= Privacy-Enhanced Mail =

Family of file formats associated with RFC 1421

Privacy-enhanced mail (PEM) is a de facto file format for storing and sending cryptographic keys, certificates, and other data, based on a set of 1993 IETF standards defining "privacy-enhanced mail". While the original standards were never broadly adopted and were supplanted by PGP and S/MIME, the textual encoding they defined became very popular. The PEM format was eventually formalized by the IETF in RFC 7468.

==Format==
Many cryptography standards use ASN.1 to define their data structures, and Distinguished Encoding Rules (DER) to serialize those structures. Because DER produces binary output, it can be challenging to transmit the resulting files through systems, like electronic mail, that only support ASCII.

The PEM format solves this problem by encoding the binary data using base64. PEM also defines a one-line header, consisting of -----BEGIN, a label, and -----, and a one-line footer, consisting of -----END, a label, and -----. The label determines the type of message encoded. Common labels include CERTIFICATE, CERTIFICATE REQUEST, PRIVATE KEY and X509 CRL.

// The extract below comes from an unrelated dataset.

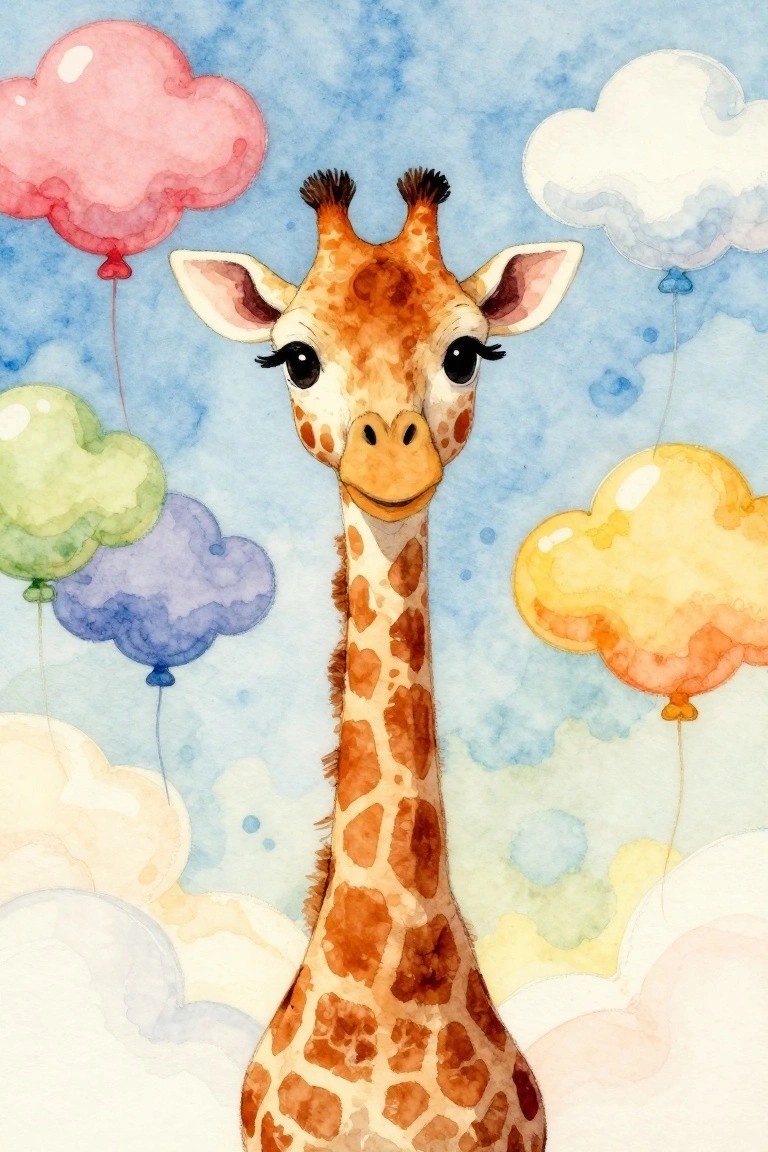 Cute giraffe with big eyes and eyelashes amid colorful cloud-shaped balloons in watercolor style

-----BEGIN PRIVATE KEY-----

-----END PRIVATE KEY-----

PEM data is commonly stored in files with a ".pem" suffix, a ".cer" or ".crt" suffix (for certificates), or a ".key" suffix (for public or private keys). The label inside a PEM file represents the type of the data more accurately than the file suffix, since many different types of data can be saved in a ".pem" file. In particular PEM refers to the header and base64 wrapper for a binary format contained within, but does not specify any type or format for the binary data, so that a PEM file may contain "almost anything base64 encoded and wrapped with BEGIN and END lines".

===Examples===
- An operating system might provide a PEM file containing a list of trusted CA certificates, each of which in its own BEGIN/END sections;
- A web server might be configured with a "chain" file containing an end-entity certificate plus a list of intermediate certificates, each of which in its own BEGIN/END sections.

== Development ==
The PEM format was first developed in the privacy-enhanced mail series of Request for Comments (RFCs): RFC 1421, RFC 1422, RFC 1423, and RFC 1424. These standards assumed prior deployment of a hierarchical public key infrastructure (PKI) with a single root. Such a PKI was never deployed, due to operational cost and legal liability concerns. These standards were eventually obsoleted by PGP and S/MIME, competing e-mail encryption standards.

== History ==
The initiative to develop Privacy-Enhanced Mail began in 1985 on behalf of the PSRG (Privacy and Security Research Group) also known as the Internet Research Task Force. This task force is a subsidiary of the Internet Architecture Board (IAB) and their efforts have resulted in the Requests for Comment (RFCs) which are suggested Internet guidelines.